Those Basics: Ba Shi takes a stand

There are dozens of stances in the art of Kung Fu. Masters throughout its history have tried to reduce everything to essentials. That’s why we often say that the basics of Kung Fu came last, not first. And one of the most basic methods of training is stance work. The masters also had some very smart ideas about that. They carpentered a regimen that consisted of only eight stances called the Ba Shi. In the past it was so common to see people practicing this fundamental exercise that Kung Fu people were often referred to as Ba Shi students.

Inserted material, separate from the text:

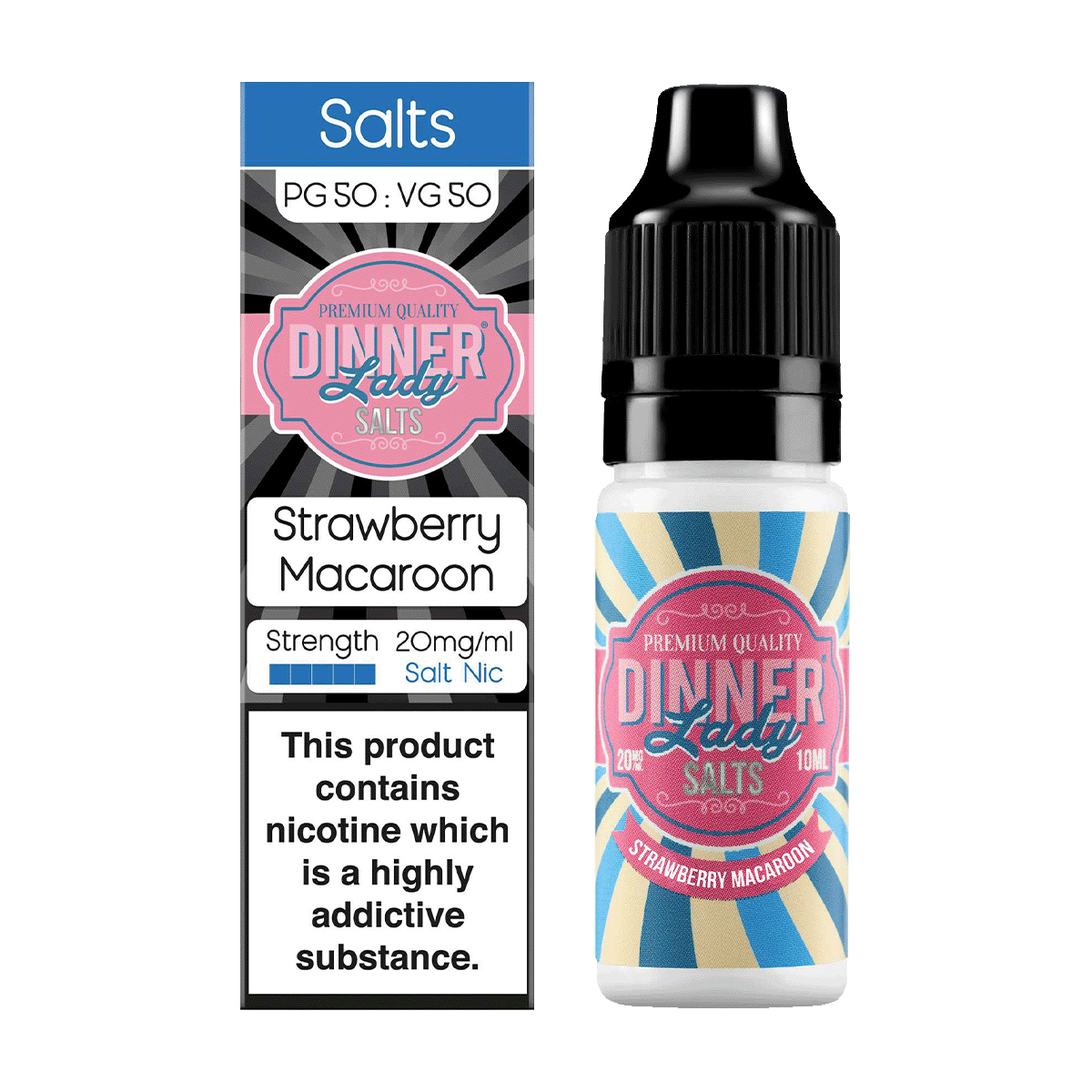 Strawberry Macaroon Nic Salt by Dinner Lady 10ml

What is the Ba Shi? Let’s start with the name because it wraps around an important concept. Ba Shi means eight positions. It is very similar to another stance practice called Ba Bu which means eight steps. But there is a difference, at least in this context. Put simply, if you hold your fists at the cocked position next to the hips and change from stance to stance without adjustments, you are practicing Ba Bu. If you not only change the position but the shape of the posture by adding the arms and other necessary torso adjustments, then you are practicing the Ba Shi.

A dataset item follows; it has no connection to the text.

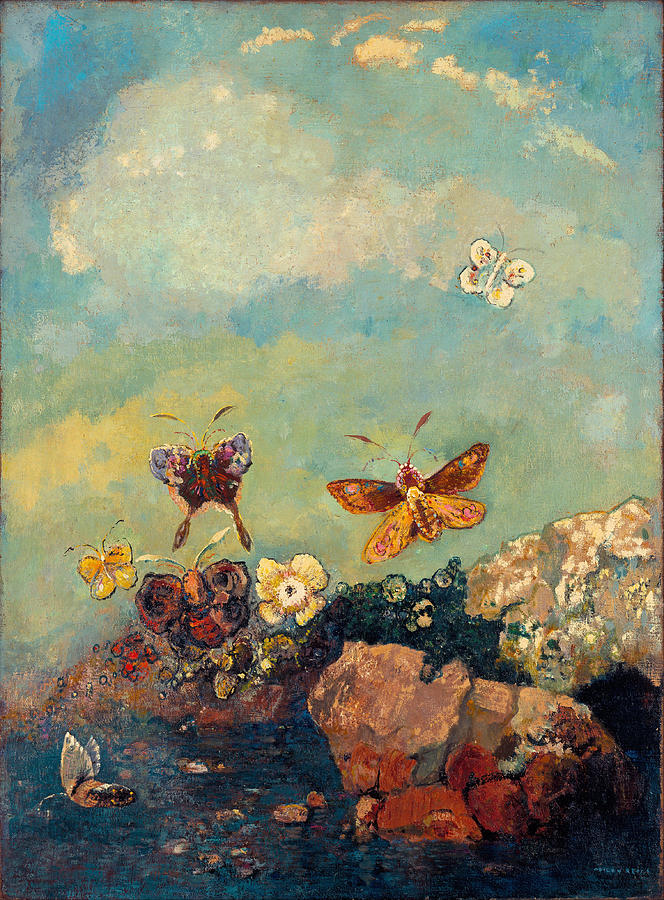 Odilon Redon Painting - Butterflies by Odilon Redon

The Ba Shi is therefore eight key positions or shapes fundamental to Kung Fu practice. But there’s more to it. One important idea is that the collection or decision of  the most important eight positions changes from style to style. For instance here is the list from Northern Long Fist Training.

1. Horse
2. Bow and Arrow
3. Cat (Empty)
4. Sitting Stance (Pu Tui)
5. Crane (DuLi)
6. Hidden Foot
7. 4/6 Stance
8. 3/7 Stance

Each stance is held for a long breath. You might even say this is the first Qigong of each style. Then you transition slowly to the next with the appropriate arm changes. Each time, you return to the Horse. Next you do the other side. If you takes the least time-one breath a stance-there are 33 changes: not  a bad leg work practice. You can graduate to two and three breaths if you are so inclined. One great thing about the Ba Shi is that it is dynamic; you hold those stances but you also develop out of them into other stances. It’s more like slow sculpture than a bunch of snapshots.

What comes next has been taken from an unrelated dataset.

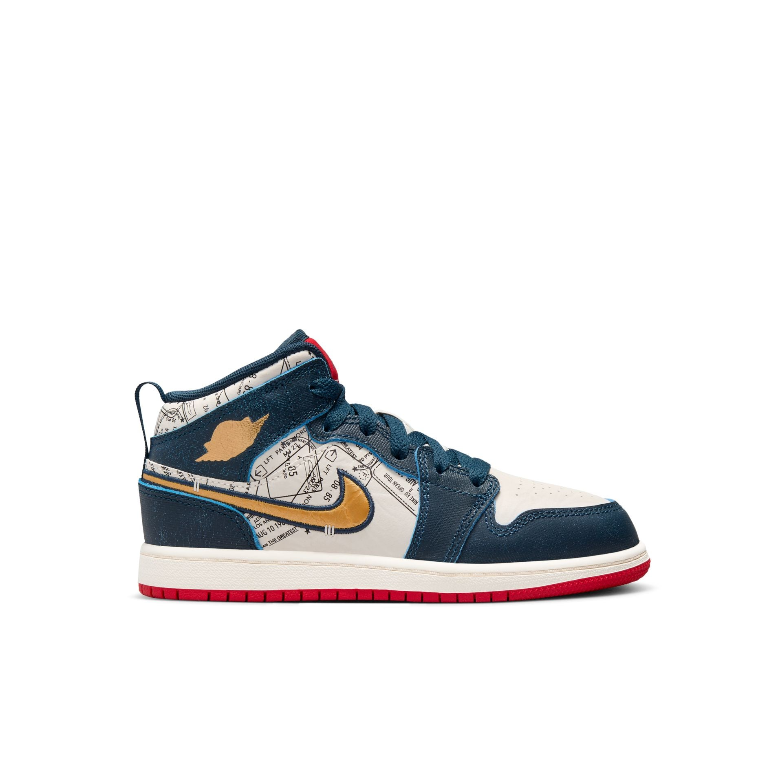 Jordan 1 Mid SE Little Kids' Shoes (PS) 'Navy/Gold/Ivory'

The masters were ingenious. Each style can pick its own eight significant stances. In Bagua, for instance, the last two are the Kou Bu and the Bai Bu, of course. In Mantis, the Seven Star stance might be substituted for some position less important to that style. Everything is structured but the structure is flexible. In schools where different styles are taught everyone may get together for the same Ba Shi practice but doing it in the method of their group: Bagua, Tai Chi and Long Fist people all practicing “together”.

You can walk the Ba Shi like a marching exercise or you can take out certain stances and concentrate on them. Real traditional training was variable and creative. You are the student but you are the master, too.

And, just as a last note: Ba Shi is a killer no matter who you are.